Dass der Weg über Cochabamba nach Mexiko selbst für die vielfach zersplitterte Umweltszene nicht leicht sein wird, weiß auch Fátima Melo vom brasilianischen Netzwerk für die Integration der Völker. “Es reicht nicht mehr, antineoliberal oder antiimperialistisch zu sein”, sagte die Aktivistin aus Rio de Janeiro. “Mit dem Kampf um die Gemeingüter hat letztes Jahr in Belém ein neuer Zyklus für die Weltbürgerbewegung begonnen, der sich auch auf den Straßen Kopenhagens gezeigt hat.”

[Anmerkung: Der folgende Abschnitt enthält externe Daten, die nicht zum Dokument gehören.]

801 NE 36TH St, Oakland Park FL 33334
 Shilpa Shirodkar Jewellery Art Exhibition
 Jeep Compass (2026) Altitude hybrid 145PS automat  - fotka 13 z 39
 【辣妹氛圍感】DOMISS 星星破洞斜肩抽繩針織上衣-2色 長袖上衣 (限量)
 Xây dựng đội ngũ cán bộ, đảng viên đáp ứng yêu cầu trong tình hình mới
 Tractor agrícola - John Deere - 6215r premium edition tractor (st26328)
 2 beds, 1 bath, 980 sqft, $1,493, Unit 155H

Nun gelte es, die Vielfalt der Bewegung zu nutzen, um auf die Politik Einfluss zu nehmen, meint Mello. Angesichts der Wachstumsfixierung auch der linken Regierungen, die in Brasilien, Ecuador oder Venezuela zu zahlreichen Konflikten mit indigenen Gemeinschaften und Organisationen führt, ist das keine leichte Aufgabe.

Pablo Solón lässt denn auch an der Stoßrichtung des Treffens in Cochabamba keine Zweifel aufkommen: “Gegen die Auswirkungen des kapitalistischen Systems auf das Klima müssen wir uns weltweit organisieren”. In Bolivien hingegen bleibe die Industrialisierung des Landes das oberste Ziel, “damit wir wirtschaftlich unabhängig werden und den Reichtum umverteilen können”.

In Porto Alegre sei man wieder einen Schritt vorangekommen, hieß es zum Abschluss allenthalben. Mehr sei kaum zu erwarten gewesen, findet auch Silke Helfrich: “Soziale Prozesse sind immer langsam, da muss man viel Geduld haben.”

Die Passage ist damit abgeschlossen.